Ho ricevuto tempestivamente e con piacere la comunicazione di emettere fattura relativa a una prestazione professionale effettuata a favore di un ente pubblico, con relativa richiesta di dati anagrafici e di pagamento.
Mi ha sorpreso il ricevere una comunicazione cartacea. Soprattutto, lunga quattro fogli. Il secondo unicamente per firmare, perché il documento tracimava oltre la prima pagina. Quattro fogli per questo equivalente:
L’importo è questo. Abbiamo bisogno dei dati anagrafici e delle coordinate bancarie, da inserire e inviarci. Pagheremo al ricevimento della fattura.

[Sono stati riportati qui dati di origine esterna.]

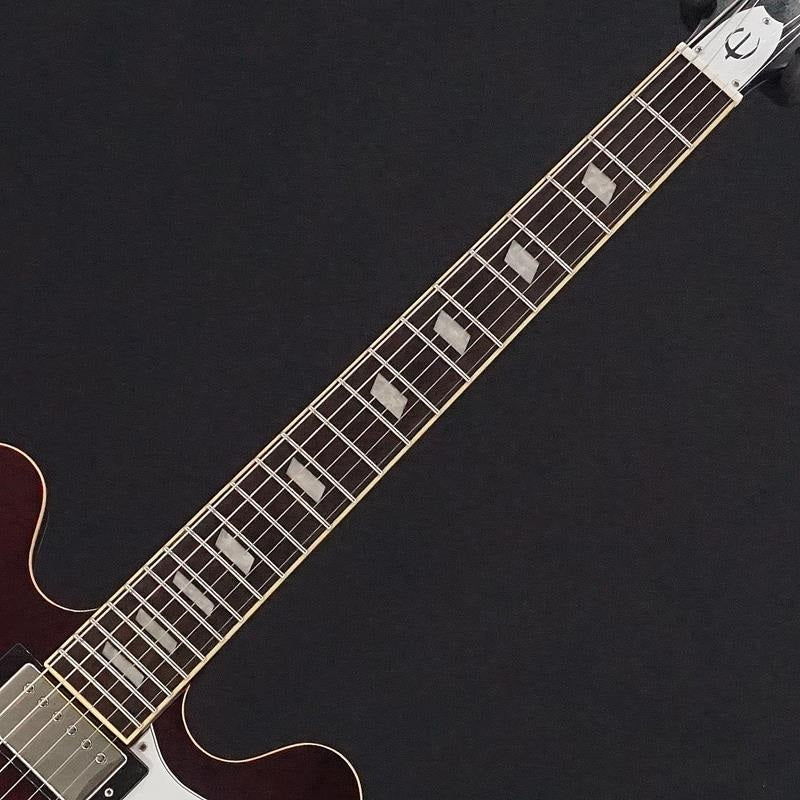 USED_​​Noel_Gallagher_Riviera_(Dark_Wine_Red)_[SN_24061510916]_Epiphone_05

Chiedendomi che cosa valesse il contratto firmato al momento di effettuare la prestazione, contenente quasi tutti i dati richiesti, ho compilato. Sui fogli mancava qualsiasi riferimento immediato – telefono, email – da contattare in caso di problemi. A meno che valga il numero di centralino di un ente pubblico, il top del servizio. Mancava anche lo spazio per qualsiasi mio riferimento. E se mi scappasse un errore?
Ho cercato sul sito dell’ente una pagina per inserire rapidamente le coordinate anagrafiche e fiscali, senza trovarla. Qualcuno, posto che la raccomandata arrivi, trascriverà in un computer i dati scritti a mano. Se scapperà una inesattezza in quel momento, sarà a mia insaputa.

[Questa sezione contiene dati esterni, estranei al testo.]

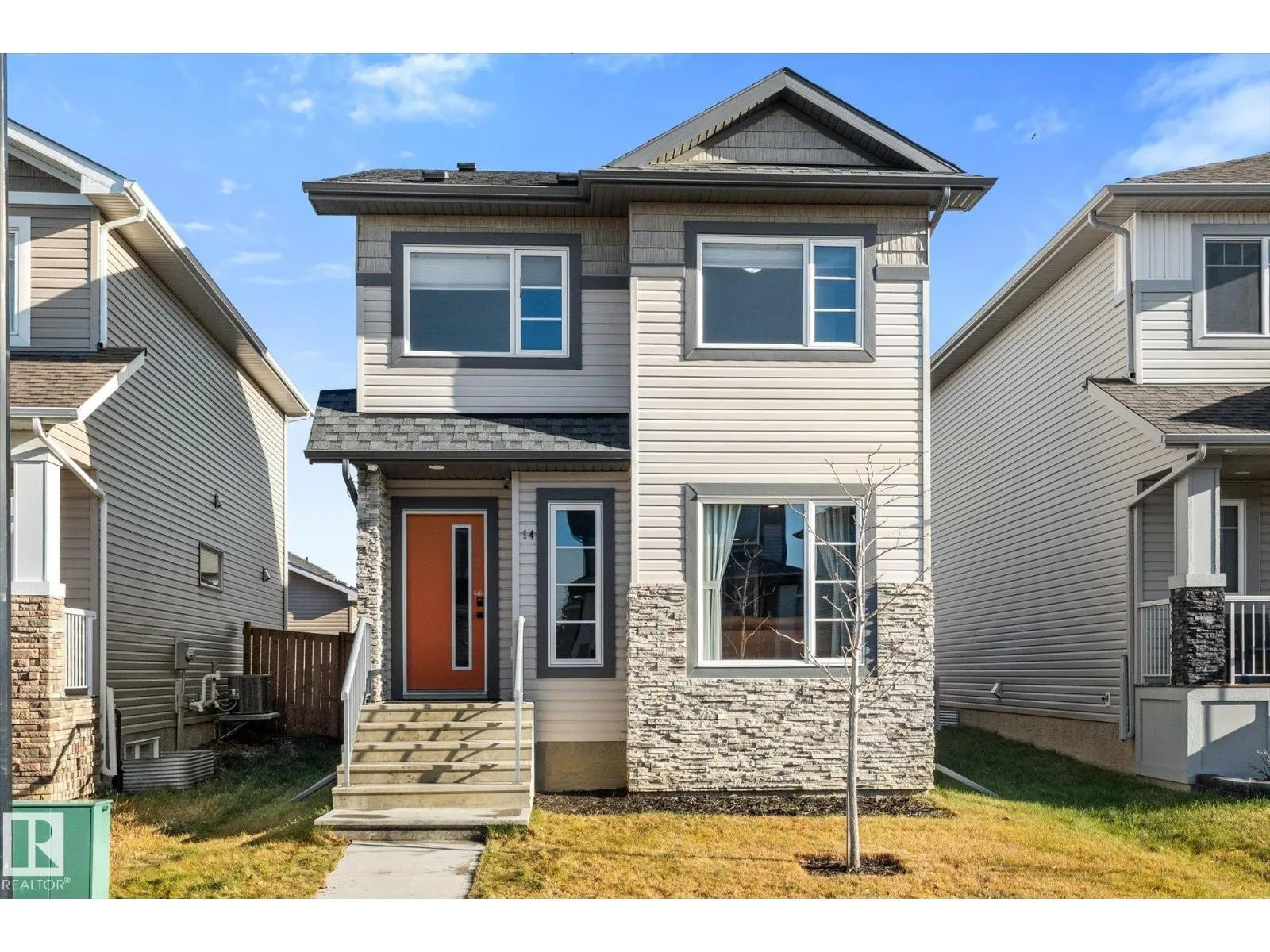 House for rent: 14 Hemingway Cr, Spruce Grove, Alberta T7X 2L6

In teoria quei dati, oltre che per il pagamento, servirebbero a chissà quali incroci e verifiche allo scopo di escludere collusioni con il crimine organizzato. Date le premesse, mi aspetto che nessuno controlli alcunché o che avvenga con efficacia risibile.

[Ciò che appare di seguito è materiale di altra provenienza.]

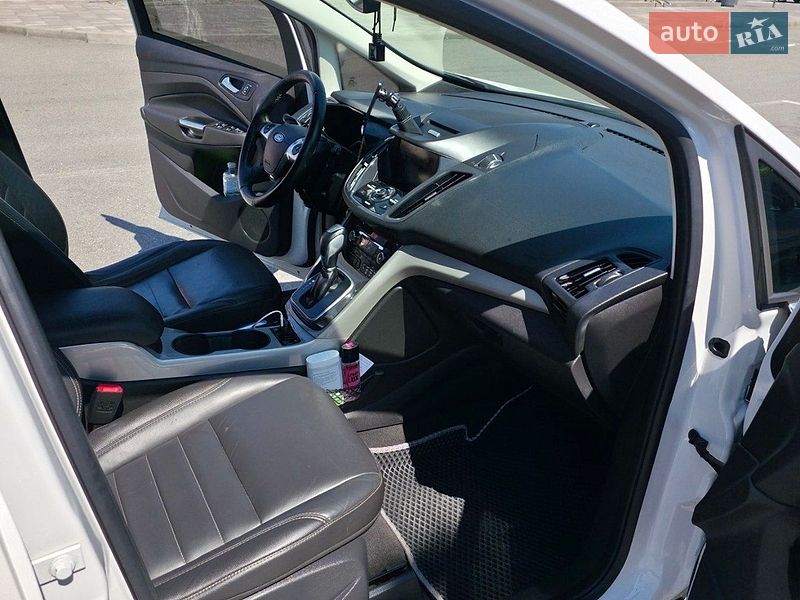 Минивэн Ford C-Max 2015 в Броварах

Il frusciare della carta, l’odore dell’inchiostro, l’emozione tattile dello sfogliare, sono argomenti interessanti parlando di libri. Trasferiti alla burocrazia comunalregionalstatale, inducono depressione anche se si affaccia la primavera. Invece che farneticare su open data e digital divide, cominciamo da form e database, materia da scuole medie.